### Problem to solve:
Return each line of the listing exactly, though without its images.

### Recorded information:
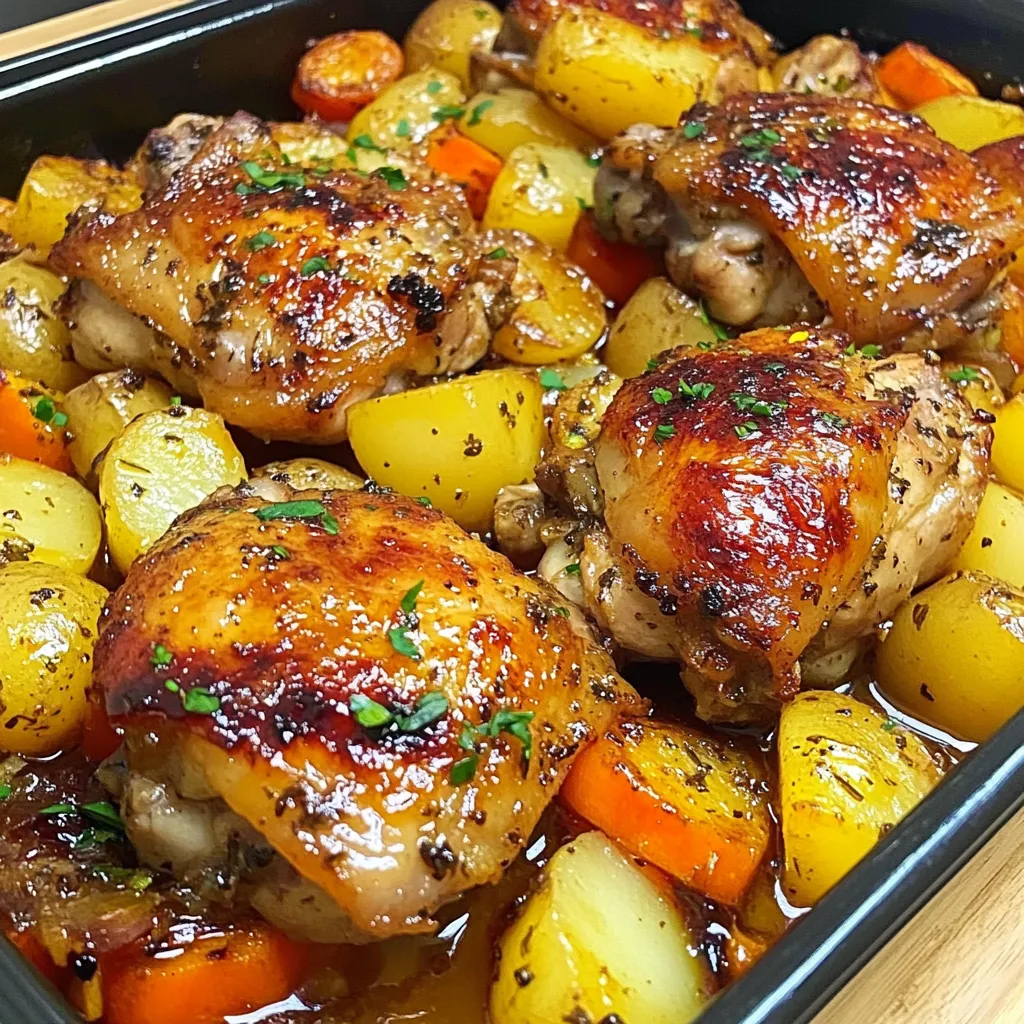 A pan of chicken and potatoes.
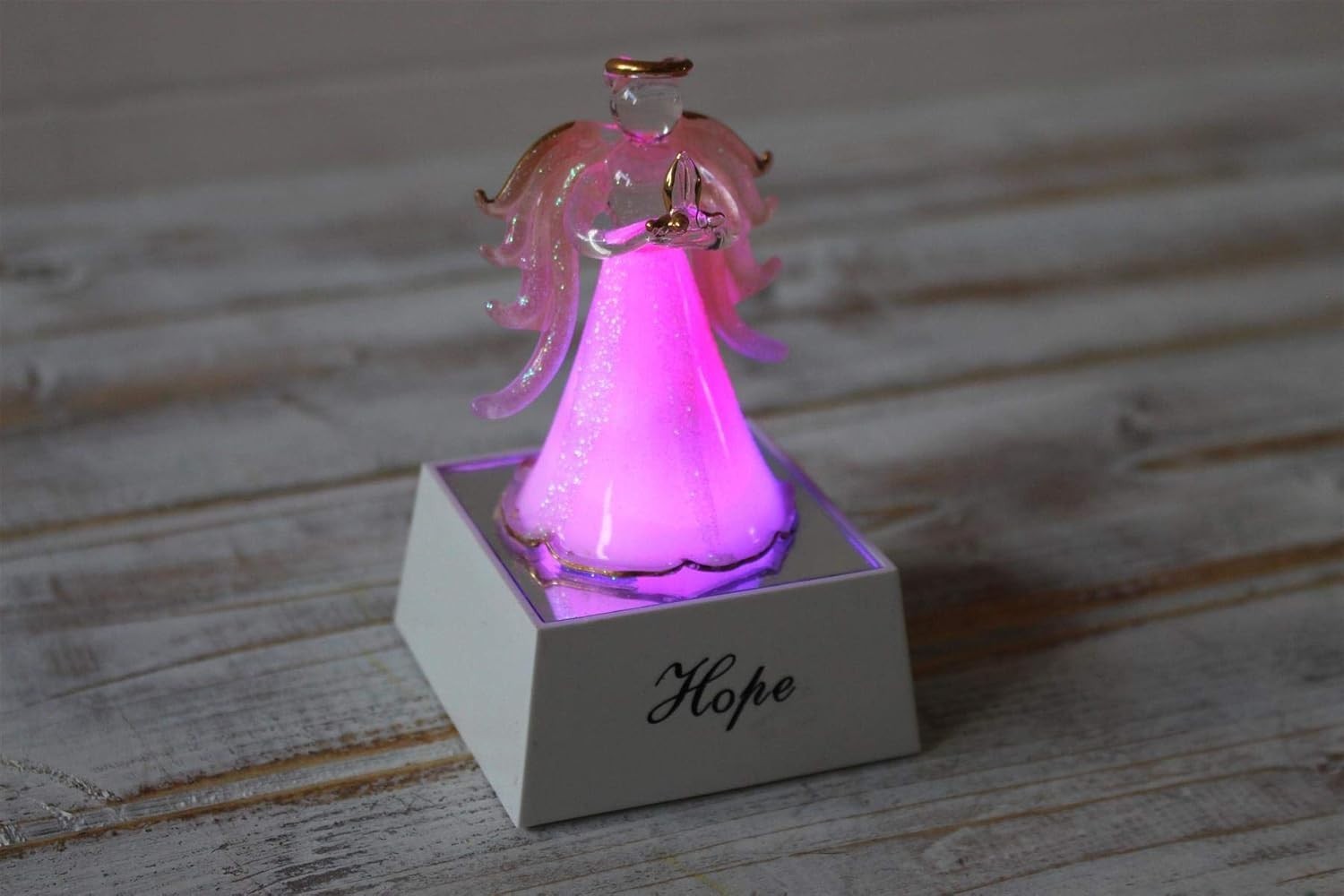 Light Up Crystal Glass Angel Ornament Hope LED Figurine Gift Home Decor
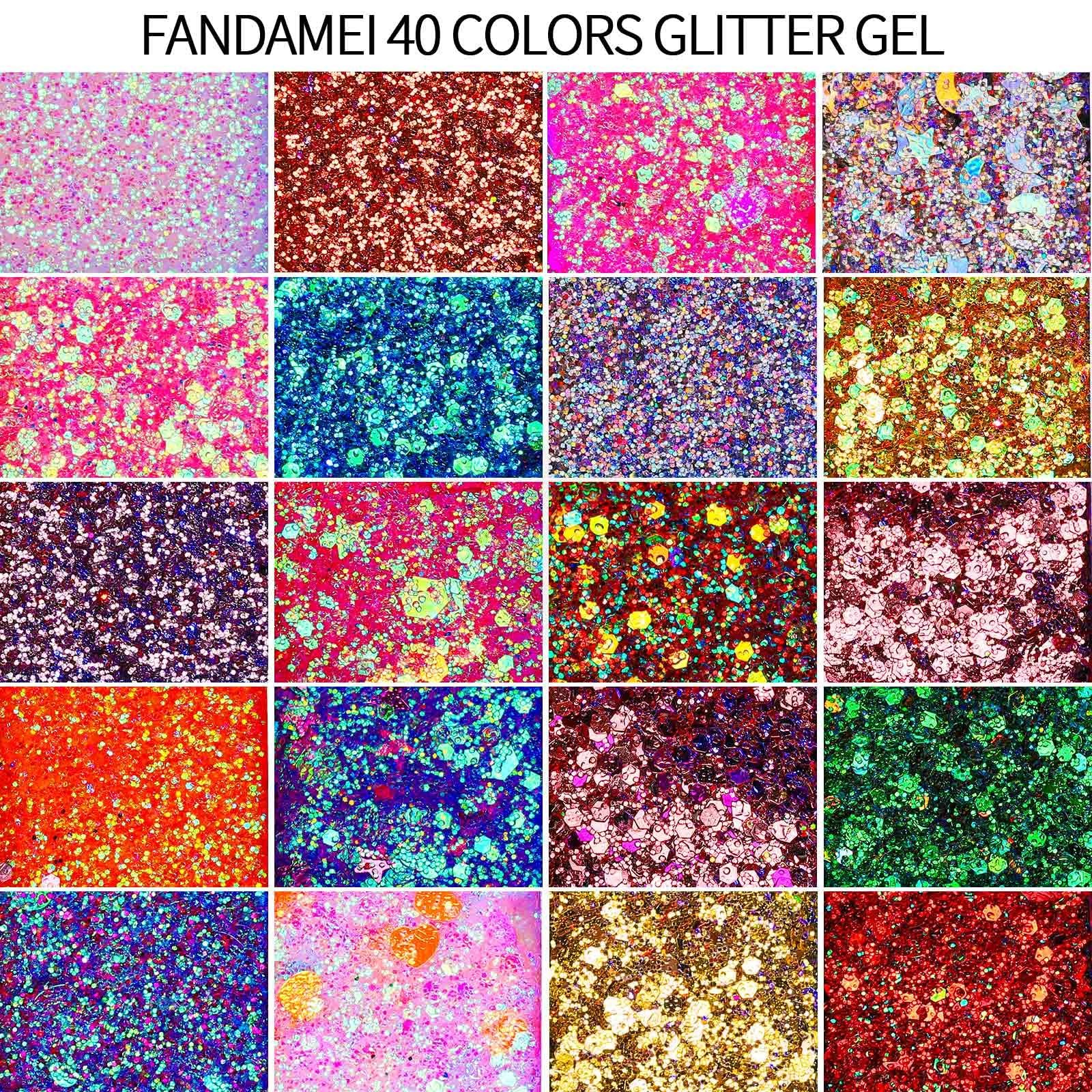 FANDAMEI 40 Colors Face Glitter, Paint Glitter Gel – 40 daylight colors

### Result:
 A pan of chicken and potatoes.
 Light Up Crystal Glass Angel Ornament Hope LED Figurine Gift Home Decor
 FANDAMEI 40 Colors Face Glitter, Paint Glitter Gel – 40 daylight colors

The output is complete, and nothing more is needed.